Dr Profyris performs microvascular decompression, a minimally invasive surgical procedure as definitive treatment of various cranial nerve disorders and neuralgias.


Microvascular decompression is often advised for the treatment of trigeminal neuralgia, a condition that causes severe facial pain due to compression of the trigeminal nerve by a vein or artery surrounding it. It may also be used to treat hemifacial spasm, glossopharyngeal neuralgia and other neurovascular compression syndromes as the aim for this surgery is to relieve this nerve compression by releasing it and protecting it from further pressure through the placement of a sponge.

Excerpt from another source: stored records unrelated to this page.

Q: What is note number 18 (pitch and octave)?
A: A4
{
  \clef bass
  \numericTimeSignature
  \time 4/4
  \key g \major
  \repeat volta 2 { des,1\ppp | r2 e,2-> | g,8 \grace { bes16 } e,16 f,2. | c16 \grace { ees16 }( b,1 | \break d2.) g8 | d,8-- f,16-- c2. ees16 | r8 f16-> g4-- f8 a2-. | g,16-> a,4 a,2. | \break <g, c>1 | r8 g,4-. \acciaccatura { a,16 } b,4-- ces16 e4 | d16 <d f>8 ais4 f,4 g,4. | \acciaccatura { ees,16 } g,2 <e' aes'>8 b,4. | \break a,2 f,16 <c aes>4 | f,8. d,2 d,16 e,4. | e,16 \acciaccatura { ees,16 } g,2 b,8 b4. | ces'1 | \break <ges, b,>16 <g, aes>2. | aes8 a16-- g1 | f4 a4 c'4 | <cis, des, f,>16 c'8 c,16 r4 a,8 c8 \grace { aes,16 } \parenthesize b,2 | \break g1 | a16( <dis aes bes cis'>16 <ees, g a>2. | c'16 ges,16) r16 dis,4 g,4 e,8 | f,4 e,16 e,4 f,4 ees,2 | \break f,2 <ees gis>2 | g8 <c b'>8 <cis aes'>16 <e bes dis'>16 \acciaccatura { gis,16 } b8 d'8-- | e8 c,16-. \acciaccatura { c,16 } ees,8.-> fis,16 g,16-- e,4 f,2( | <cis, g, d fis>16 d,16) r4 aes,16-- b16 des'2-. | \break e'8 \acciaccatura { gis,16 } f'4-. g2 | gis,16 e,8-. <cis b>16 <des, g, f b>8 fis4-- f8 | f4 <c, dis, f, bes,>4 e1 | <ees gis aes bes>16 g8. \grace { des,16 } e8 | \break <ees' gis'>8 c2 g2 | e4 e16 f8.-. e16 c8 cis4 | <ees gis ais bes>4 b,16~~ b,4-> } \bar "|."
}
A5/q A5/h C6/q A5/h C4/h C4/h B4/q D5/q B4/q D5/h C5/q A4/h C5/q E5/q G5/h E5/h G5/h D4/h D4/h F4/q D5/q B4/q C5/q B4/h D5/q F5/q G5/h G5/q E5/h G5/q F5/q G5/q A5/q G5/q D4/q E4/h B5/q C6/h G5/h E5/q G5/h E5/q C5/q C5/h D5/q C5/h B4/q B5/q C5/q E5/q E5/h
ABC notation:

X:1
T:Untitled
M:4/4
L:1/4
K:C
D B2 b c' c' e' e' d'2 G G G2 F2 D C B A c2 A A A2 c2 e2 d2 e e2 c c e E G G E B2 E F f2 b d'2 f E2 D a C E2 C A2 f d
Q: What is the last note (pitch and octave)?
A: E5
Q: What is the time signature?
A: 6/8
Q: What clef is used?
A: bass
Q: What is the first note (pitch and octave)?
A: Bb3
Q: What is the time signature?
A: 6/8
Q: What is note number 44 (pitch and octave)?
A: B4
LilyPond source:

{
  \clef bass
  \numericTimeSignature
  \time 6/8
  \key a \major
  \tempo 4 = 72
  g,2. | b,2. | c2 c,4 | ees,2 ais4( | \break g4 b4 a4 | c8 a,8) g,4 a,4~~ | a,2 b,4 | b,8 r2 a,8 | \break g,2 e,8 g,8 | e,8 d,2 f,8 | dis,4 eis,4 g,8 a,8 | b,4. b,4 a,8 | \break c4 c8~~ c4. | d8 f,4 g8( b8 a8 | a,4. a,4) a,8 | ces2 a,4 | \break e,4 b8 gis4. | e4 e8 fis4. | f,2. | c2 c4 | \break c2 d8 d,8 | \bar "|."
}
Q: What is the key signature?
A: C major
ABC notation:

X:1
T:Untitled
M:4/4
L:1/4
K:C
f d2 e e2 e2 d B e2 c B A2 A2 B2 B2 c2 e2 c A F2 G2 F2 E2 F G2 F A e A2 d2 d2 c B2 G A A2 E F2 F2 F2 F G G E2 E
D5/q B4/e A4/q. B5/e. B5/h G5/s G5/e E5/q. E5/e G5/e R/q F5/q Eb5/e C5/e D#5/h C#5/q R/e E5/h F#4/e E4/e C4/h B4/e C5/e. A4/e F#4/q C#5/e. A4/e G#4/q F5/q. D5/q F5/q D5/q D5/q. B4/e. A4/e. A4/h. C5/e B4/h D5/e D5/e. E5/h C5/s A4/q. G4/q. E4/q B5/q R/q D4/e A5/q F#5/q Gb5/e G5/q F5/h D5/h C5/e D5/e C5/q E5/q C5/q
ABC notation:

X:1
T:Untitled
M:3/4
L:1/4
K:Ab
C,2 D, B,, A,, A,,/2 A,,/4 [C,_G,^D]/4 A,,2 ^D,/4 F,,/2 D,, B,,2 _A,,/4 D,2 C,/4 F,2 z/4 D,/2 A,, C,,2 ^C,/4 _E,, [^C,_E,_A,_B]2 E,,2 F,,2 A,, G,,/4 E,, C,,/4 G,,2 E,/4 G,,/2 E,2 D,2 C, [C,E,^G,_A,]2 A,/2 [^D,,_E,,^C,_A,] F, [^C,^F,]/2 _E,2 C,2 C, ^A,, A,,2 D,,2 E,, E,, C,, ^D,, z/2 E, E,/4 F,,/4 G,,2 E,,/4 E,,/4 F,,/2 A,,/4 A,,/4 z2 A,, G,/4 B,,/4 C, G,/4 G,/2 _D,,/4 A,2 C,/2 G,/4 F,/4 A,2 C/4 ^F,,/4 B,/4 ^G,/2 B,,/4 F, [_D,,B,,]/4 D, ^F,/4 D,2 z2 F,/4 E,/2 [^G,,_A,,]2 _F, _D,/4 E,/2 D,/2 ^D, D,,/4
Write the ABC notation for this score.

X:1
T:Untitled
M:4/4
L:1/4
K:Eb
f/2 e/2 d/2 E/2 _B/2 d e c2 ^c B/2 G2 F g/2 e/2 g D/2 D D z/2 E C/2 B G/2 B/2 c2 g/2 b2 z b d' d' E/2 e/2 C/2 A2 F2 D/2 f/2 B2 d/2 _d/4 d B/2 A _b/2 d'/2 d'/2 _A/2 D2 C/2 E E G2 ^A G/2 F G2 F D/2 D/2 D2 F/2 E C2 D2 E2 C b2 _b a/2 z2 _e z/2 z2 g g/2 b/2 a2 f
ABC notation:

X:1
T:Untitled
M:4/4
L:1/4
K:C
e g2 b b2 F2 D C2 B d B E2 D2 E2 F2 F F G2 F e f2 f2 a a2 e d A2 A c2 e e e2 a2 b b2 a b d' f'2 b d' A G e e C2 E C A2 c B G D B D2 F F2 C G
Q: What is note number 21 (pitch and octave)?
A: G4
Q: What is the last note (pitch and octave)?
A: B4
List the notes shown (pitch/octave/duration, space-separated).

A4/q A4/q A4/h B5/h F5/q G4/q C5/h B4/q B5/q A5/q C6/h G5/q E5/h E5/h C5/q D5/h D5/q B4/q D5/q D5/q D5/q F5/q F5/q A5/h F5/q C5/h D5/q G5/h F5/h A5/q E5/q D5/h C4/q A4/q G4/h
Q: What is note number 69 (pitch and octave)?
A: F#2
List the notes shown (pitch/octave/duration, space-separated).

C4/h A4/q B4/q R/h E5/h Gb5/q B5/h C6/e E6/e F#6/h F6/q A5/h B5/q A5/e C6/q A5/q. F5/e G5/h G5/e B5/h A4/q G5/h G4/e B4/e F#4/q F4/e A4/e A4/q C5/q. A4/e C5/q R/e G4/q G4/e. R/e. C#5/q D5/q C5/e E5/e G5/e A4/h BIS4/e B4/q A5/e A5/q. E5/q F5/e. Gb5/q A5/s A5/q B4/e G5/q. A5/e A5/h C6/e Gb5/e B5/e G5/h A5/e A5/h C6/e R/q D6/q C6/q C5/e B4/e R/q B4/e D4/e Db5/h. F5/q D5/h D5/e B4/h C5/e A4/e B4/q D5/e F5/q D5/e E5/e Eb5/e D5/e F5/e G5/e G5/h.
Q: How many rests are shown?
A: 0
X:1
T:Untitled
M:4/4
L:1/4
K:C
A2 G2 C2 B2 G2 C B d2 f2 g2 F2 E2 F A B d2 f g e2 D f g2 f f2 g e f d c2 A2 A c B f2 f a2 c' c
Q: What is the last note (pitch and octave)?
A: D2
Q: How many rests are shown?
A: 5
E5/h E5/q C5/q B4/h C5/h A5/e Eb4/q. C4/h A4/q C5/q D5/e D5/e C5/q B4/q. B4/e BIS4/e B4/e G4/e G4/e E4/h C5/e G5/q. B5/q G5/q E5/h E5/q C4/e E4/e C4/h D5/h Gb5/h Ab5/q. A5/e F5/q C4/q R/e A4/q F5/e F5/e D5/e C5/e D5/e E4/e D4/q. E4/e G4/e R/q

Dr Profyris performs Microvascular decompression in Johannesburg, South Africa, using a keyhole technique to provide a minimally invasive approach. In order to expose the specific nerve and the blood vessel compressing it, a mini-craniotomy is performed. This involves an incision being made behind the ear of the affected side. The skin and muscles are lifted off the bone and retracted. A small opening is made in the skull to expose the dura. An incision is made into this protective layer, and the brain is exposed. A corridor to the nerve at its origin with the brainstem is gently opened. Once the nerve has been located, the blood vessels nearby are moved away to relieve the pressure. Next, a specially designed, microscopic teflon sponge or pillow is placed over the nerve to protect and prevent the blood vessel from putting pressure on the nerve. If a particular vein is compressing the nerve, the vein may be cauterized or moved away. 

Microvascular decompression can successfully eliminate or reduce pain caused by neuralgia in the majority of cases; it commonly allows for immediate relief and is often long-term.